In order to examine oxidant effects on lung cellular oxidative metabolism, mitochondrial O₂ consumption (substrate oxidation) was studied in the lungs of O₃-exposed animals. Male rats (60 to 90-day-old) were exopsed to O₃ either acutely (2 p.p.m. for 8 hours) or subacutely (0.8 p.p.m. for 10 to 20 days). For in vitro experiments suspensions of rat lung homogenates or rat lung mitochondria were exposed to a flow of 10 to 15 p.p.m. O₃ per minute for 20 minutes; both homogenate and mitochondrial preparations absorbed O₃ at a rate of 2.3 to 5.0 p.p.m. per minute (depending upon the amount of tissue). A total of 30 to 40 nmoles O₃ per milligram of protein was absorbed during this period.
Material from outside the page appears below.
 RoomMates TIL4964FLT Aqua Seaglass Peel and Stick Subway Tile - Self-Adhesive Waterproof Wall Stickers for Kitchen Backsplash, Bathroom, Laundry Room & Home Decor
Subsequent to acute exposures, the rate of O₂ consumption (oxidation of succinate) in lung homogenate or mitochondrial fraction decreased approximately 25 per cent (p < 0.02) relative to control rats. Under in vitro conditions, the depression of respiration was 23 per cent (p < 0.001) for homogenate and 45 per cent (p < 0.001) for mitochondria. In contrast to the effects of acute O₃ exposures, subacute exposures resulted in an augmentation of lung cellular O₂ utilization. As high as 45 per cent (p < 0.02) stimulation of O₂ consumption occurred in homogenates of subacutely exposed rat lungs compared to those of control rat lungs. The specific activity (e.g., succinate oxidase activity per milligram protein) in the isolated mitochondral fraction was only 15 per cent (p < 0.05) higher in the lungs of exposed rats compared to those of control rats, thus failing to account for the over-all stimulation of mitochondrial respiration observed in exposed rat lungs. Examination of lung sections by transmission electron microscopy revealed a 3-fold greater abundance (p < 0.01) of large alveolar (Type II) cells in exposed rat lungs compared to control rat lungs. Since Type II cells contain numerous mitochondria, their proliferation is likely to increase the over-all population of mitochondria in the lung, thus contributing significantly to the respiratory augmentation observed in exposed rat lungs. Lung mitochondrial respiratory activity may serve as a biochemical index for possible changes of cellular constituency in the lung following chronic oxidant exposure.